The guidance recommends that considerable care should be taken by managing agents before agreeing any additional payments, and that a number of questions should be considered before additional payments are agreed. The questions include the commercial motivation behind the payment, whether any additional services provided by the broker are of real value and how well those services have been documented, and whether the broker has agreed to provide clear disclosure to its clients. If a managing agent does decide to agree additional payments, it must keep a clear record of how it reached that decision.

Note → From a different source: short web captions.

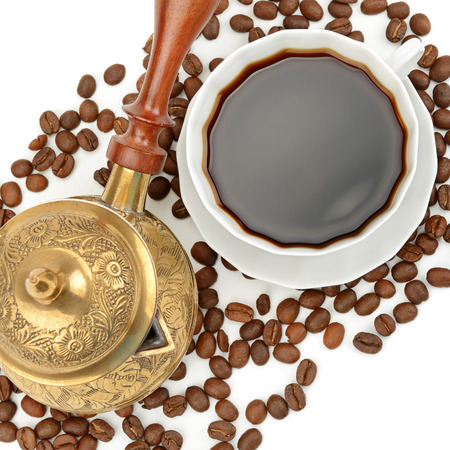 Coffee pot and cup of coffee isolated on white background. Flat lay, top view.の写真素材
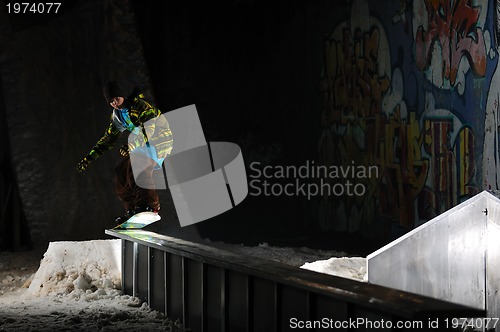 Image of freestyle snowboarder jump in air at night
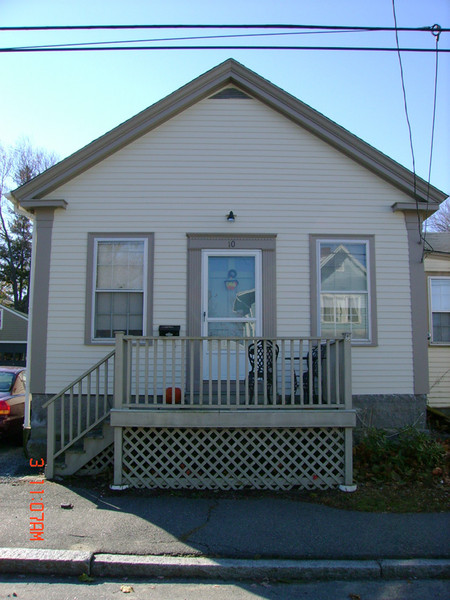 I painted the front (only) of this house in 2006, and added some flashing above the porch light to prevent water from getting into the walls.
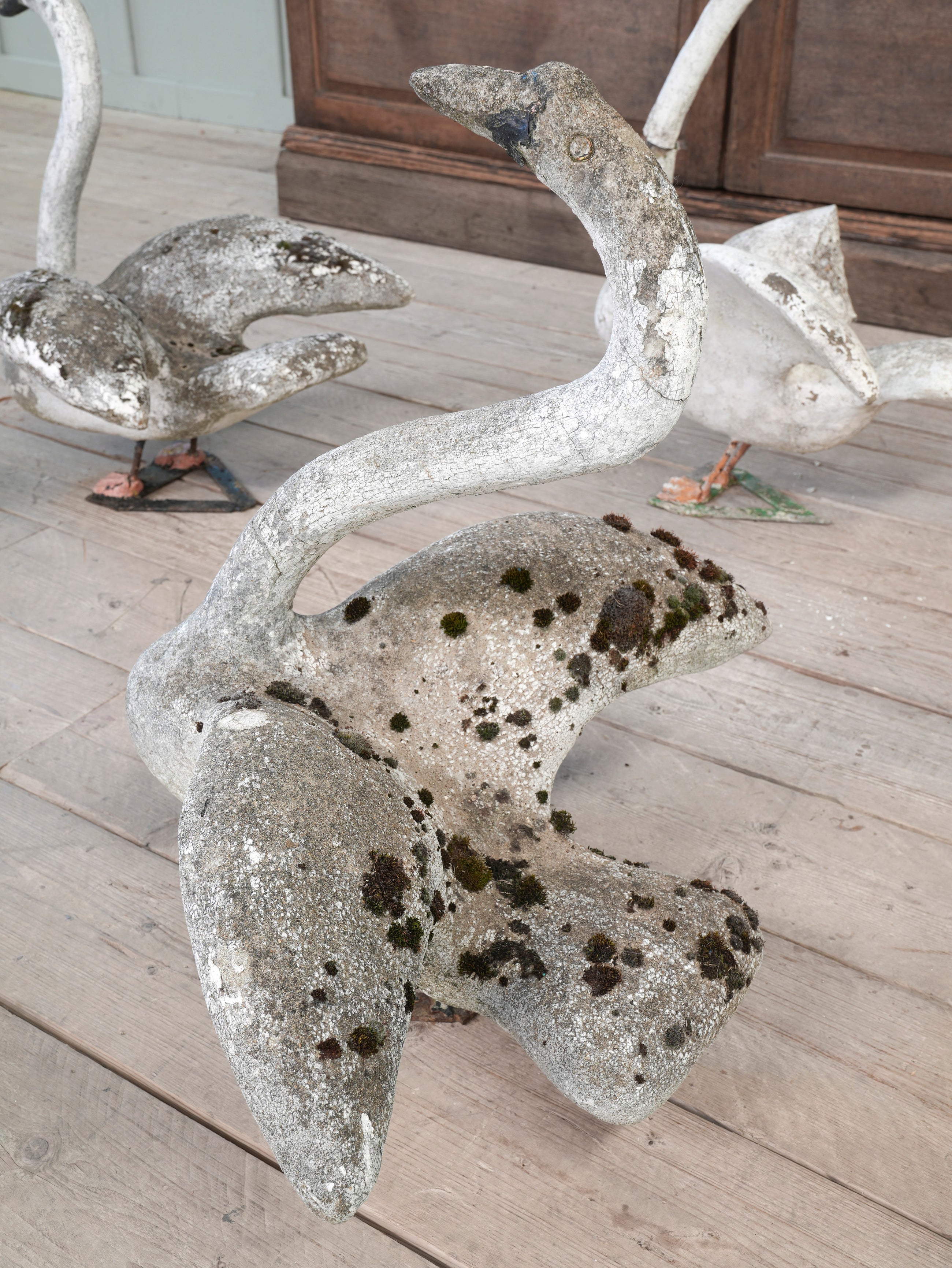 A Bevy of Composition Stone Swans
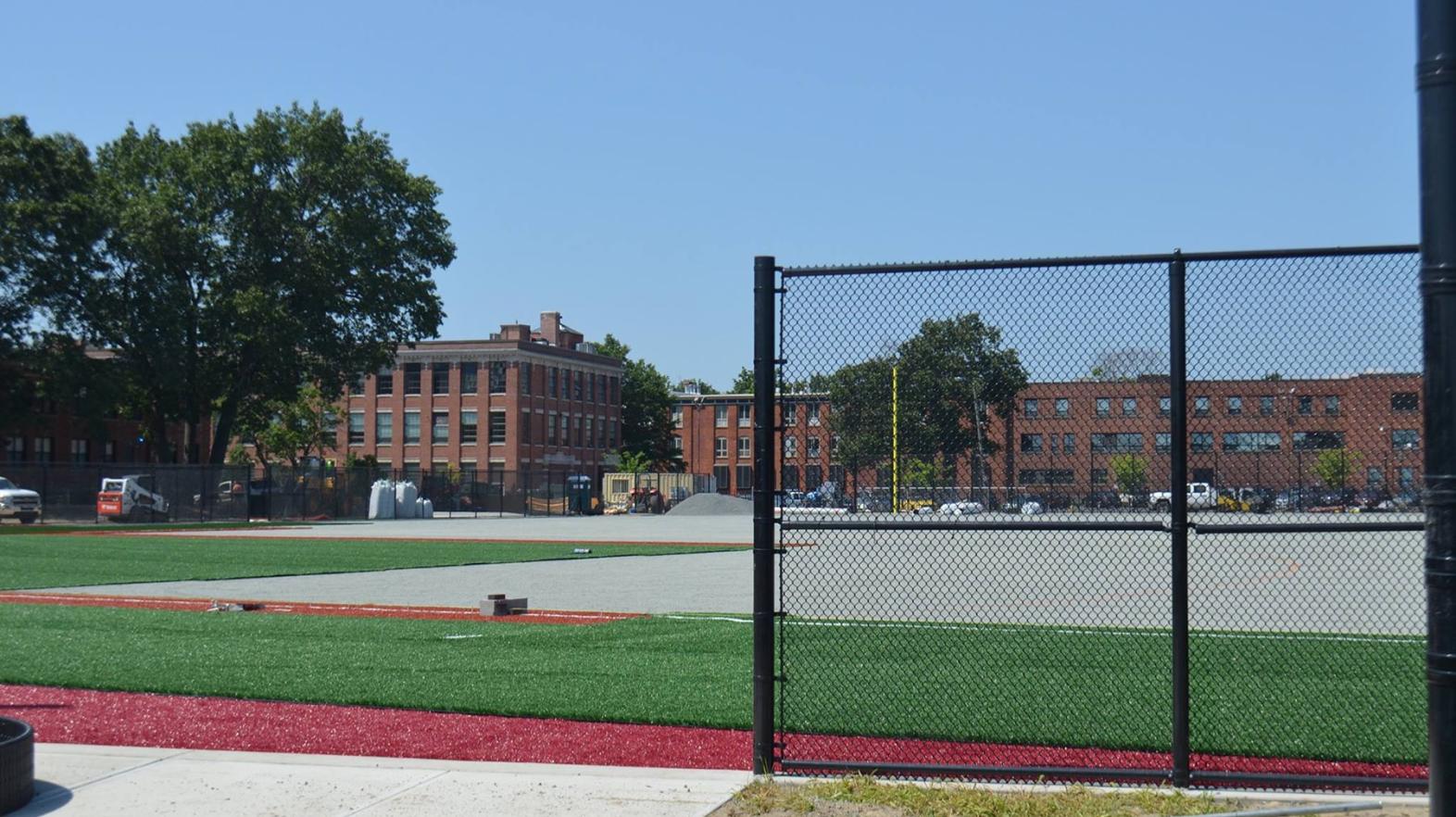 The first section of turf is laid.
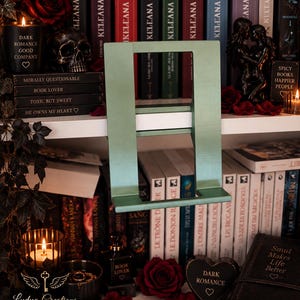 Könnte beinhalten: Ein salbeigrüner Buchständer aus Metall mit einem rechteckigen Rahmen und einer horizontalen Ablage für Bücher. Der Ständer hat eine glatte, matte Oberfläche und eine stabile Konstruktion, um offene Bücher aufrecht zu präsentieren.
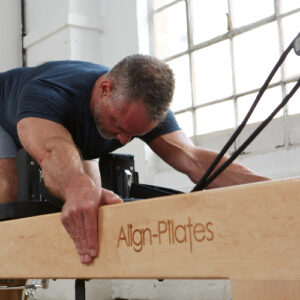Man using wooden Pilates Reformer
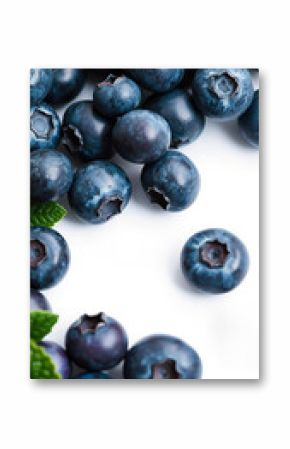 close-up of fresh blueberries with mint leaves on white background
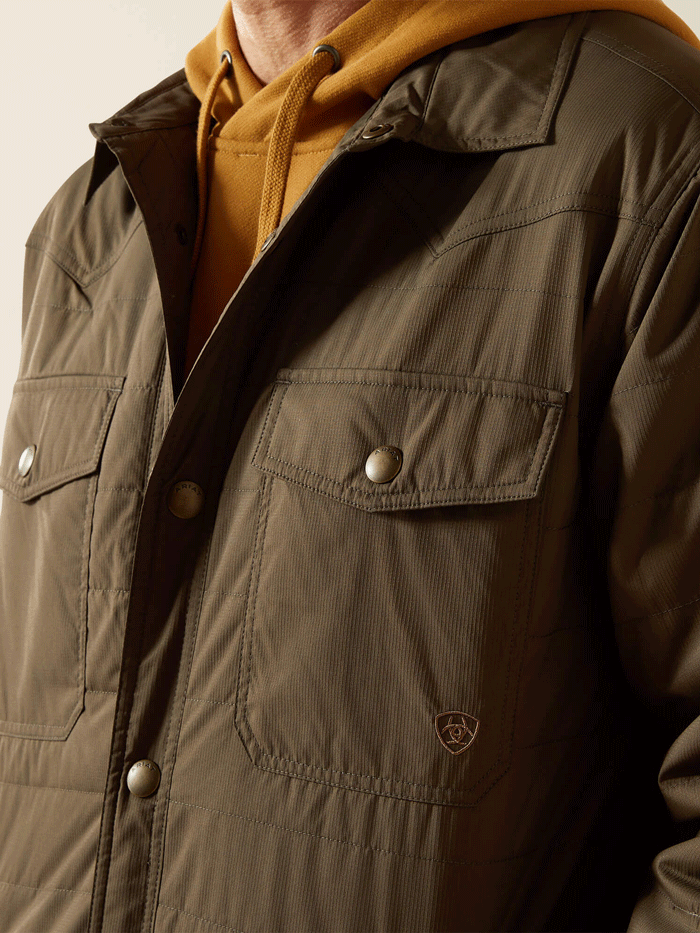 Ariat 10062512 Mens Quilted Shirt Jacket Dark Olive Green front view. If you need any assistance with this item or the purchase of this item please call us at five six one seven four eight eight eight zero one Monday through Saturday 10:00a.m EST to 8:00 p.m EST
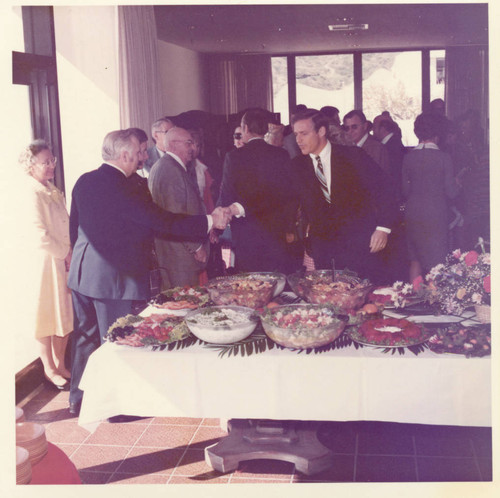 Buffet Table: President Banowsky shaking hands with a man; Mrs. Dorothy Moore between them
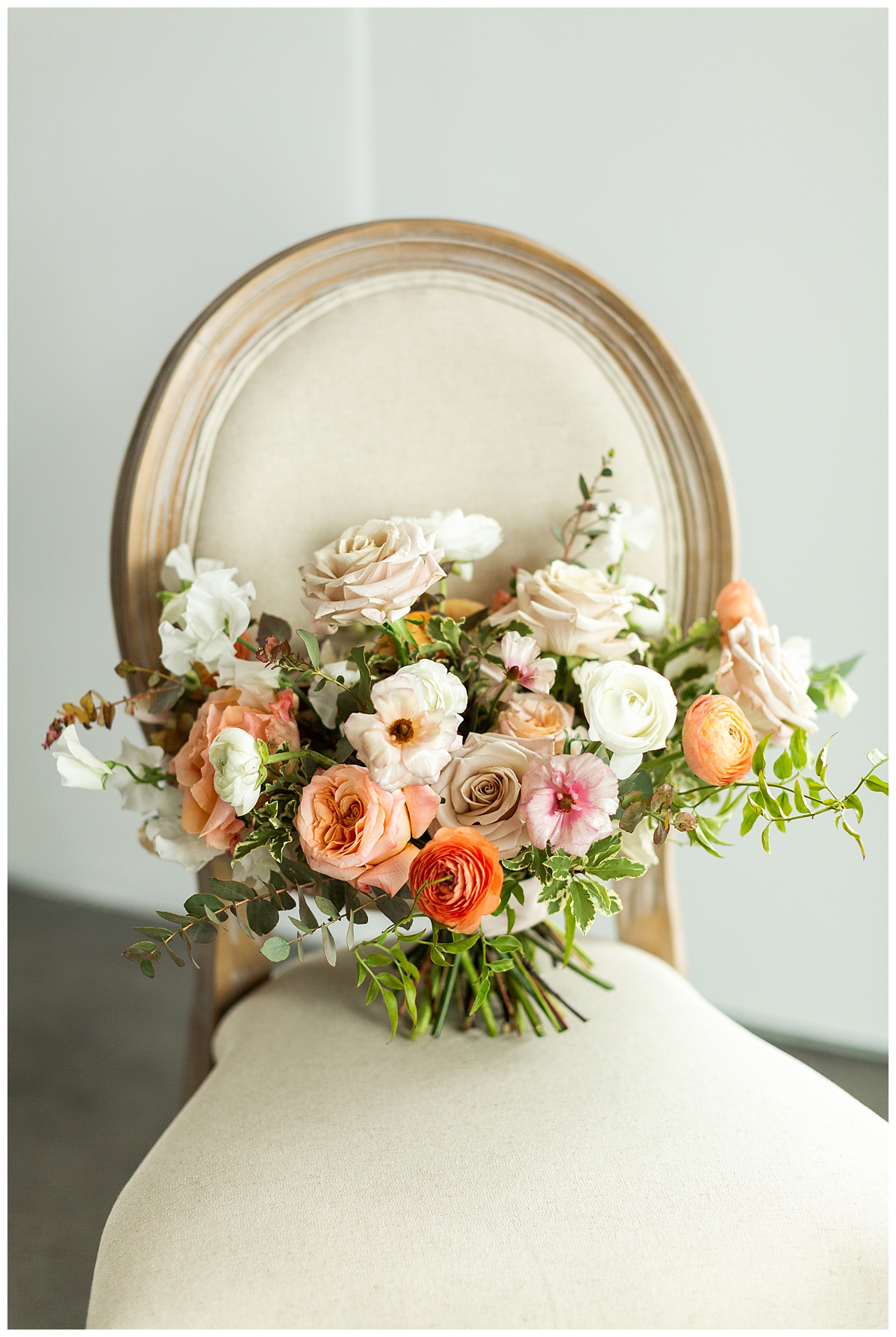 Bride's bouquet displayed on a cream chair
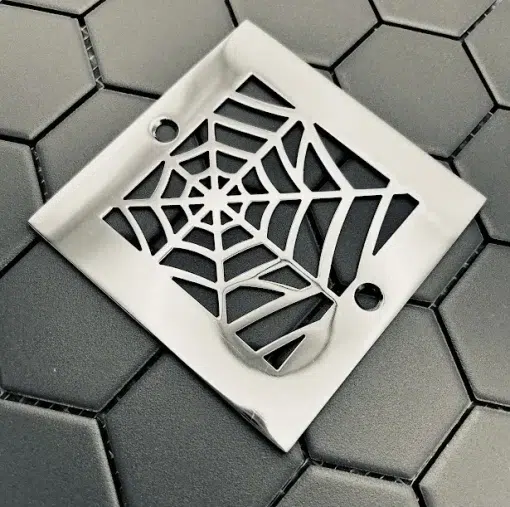 Square drain with polished stainless steel finish.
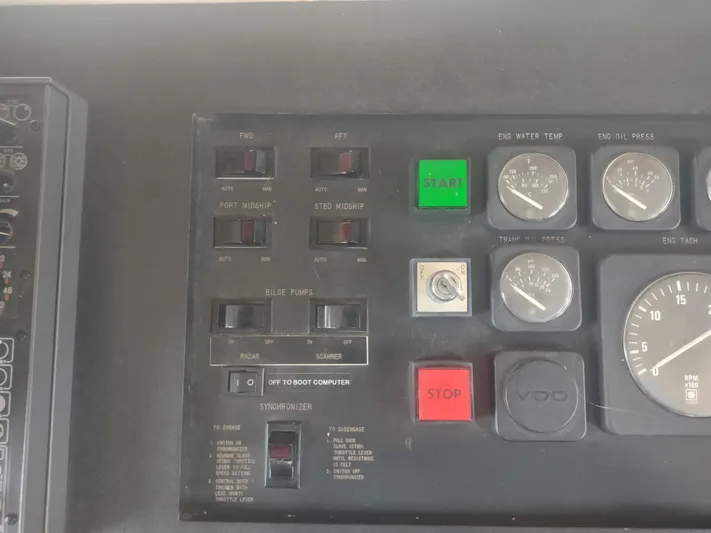  Yacht Photos Pics Control panel of a 1988 Hatteras 60 Motor Yacht with gauges and switches.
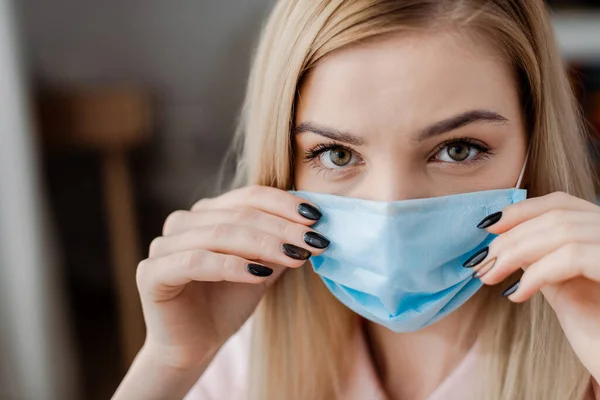 Junge Frau Blickt Kamera Während Sie Medizinische Maske Berührt — Stockfoto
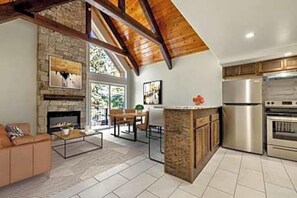 Eine moderne Küche mit Kamin aus Naturstein, Holzbalken und Edelstahlgeräten.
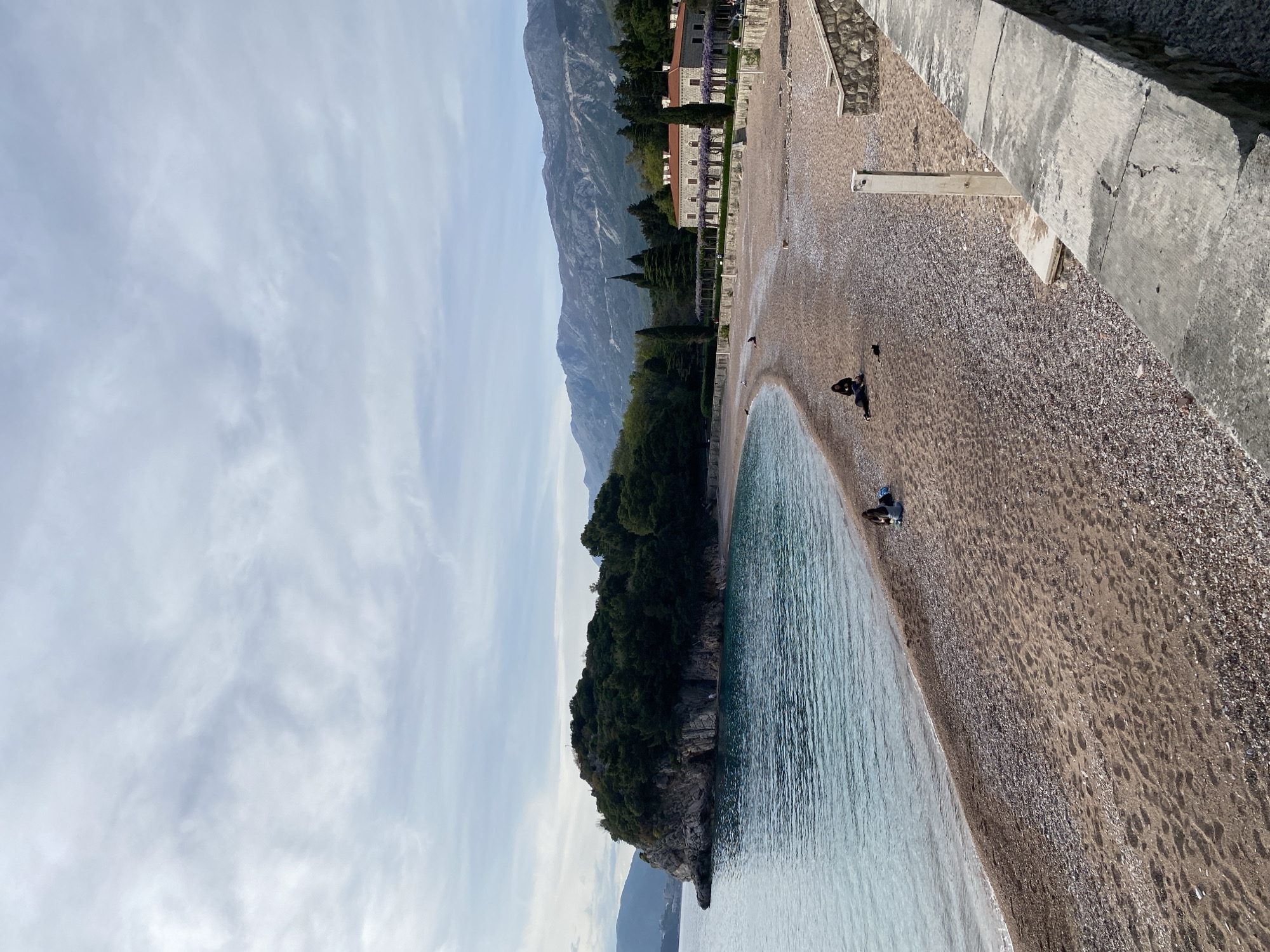 The image depicts a beach in Sveti Stefan, Montenegro. The beach curves along the shoreline, with the sea on one side and a rocky cliff covered in trees on the other. In the distance, mountains rise up against a blue sky with scattered clouds. Along the beach, several people are visible, some appear to be walking or relaxing. The beach surface varies from sand to small pebbles and rocks. The beach is bordered by a stone wall, behind which buildings are visible.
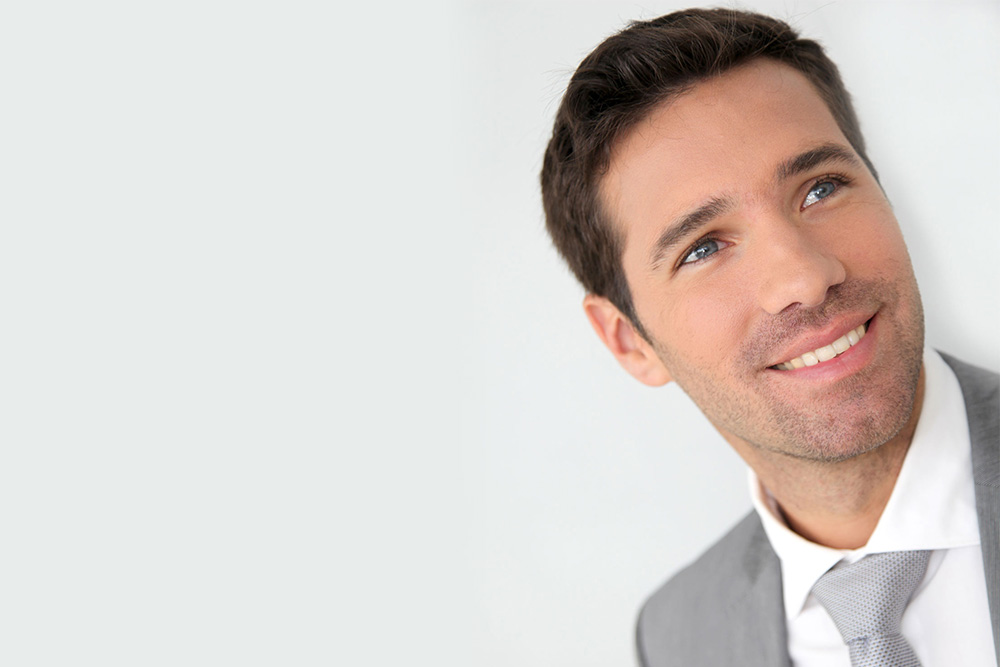 man with dark hair smiling in a grey suit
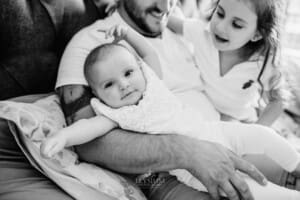 Family session - a father holds his baby girl in his arms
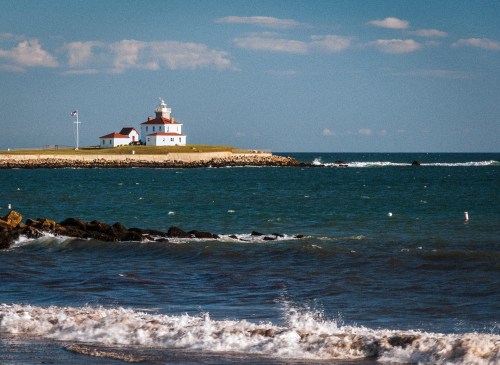 A lighthouse on a grassy shore, surrounded by blue water and gentle waves under a clear sky with scattered clouds.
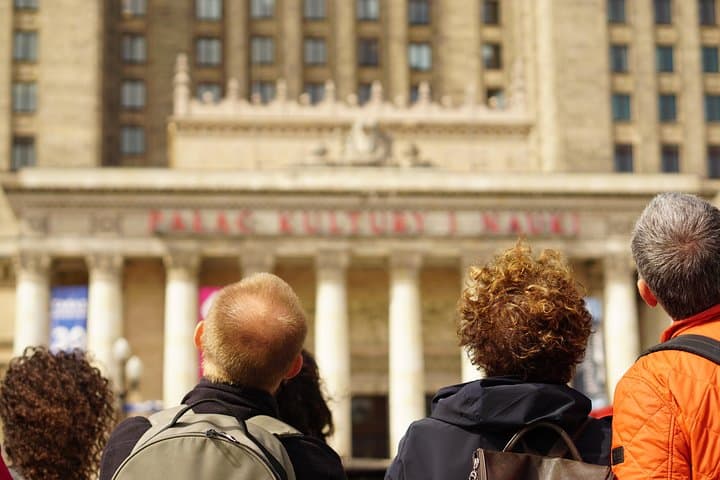 Tourists under the Palace of Culture and Science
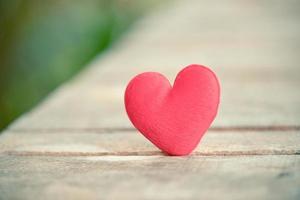 Holidays card Valentines day red heart on old wood for philanthropy concept - Hearts on a wooden background donate help give love take care photo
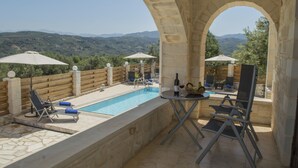 Un espace aménagé au bord de la piscine, offrant une vue sur les montagnes, avec des murs en pierre et des sièges d’extérieur.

It was clarified in further Lloyd’s guidance issued in April 2012 that an agreement to pay profit commission was considered to represent a high risk under the Bribery Act. In order to alleviate such risk when agreeing profit commission under a line slip, the guidance recommends that managing agents should satisfy themselves that various obligations have been complied with, such as disclosure to the broker’s client of its remuneration arrangements.

The effect of the Bribery Act and the Lloyd’s guidance is clearly to increase the need for insurers, managing agents and brokers to document the specific details of brokers’ services and to establish that remuneration is commensurate with those services. In addition, Solvency II, when implemented, is likely to increase governance and outsourcing requirements for insurer and intermediary services.

Life assurance

FSA’s Retail Distribution Review (“RDR”) will introduce new rules prohibiting the payment of product provider commission to advisers, applying to life insurance investment products. A key objective behind the new rules, which will come into effect in the UK from 31 December 2012, is to ‘address the potential for adviser remuneration to distort consumer outcomes’. Under the new rules, instead of being paid by commissions set by product providers, adviser firms will be required to be paid by charges that they have set out upfront and agreed with their clients. Adviser firms will not be permitted to receive commissions offered by product providers even if they intend to rebate the payments to the client.

The above will not apply to pure protection products (i.e. critical illness, income protection and non-investment life insurance). Brokers dealing in these products will still be able to earn commission on sales, although they will be subject to new requirements to explain and disclose their remuneration to the client.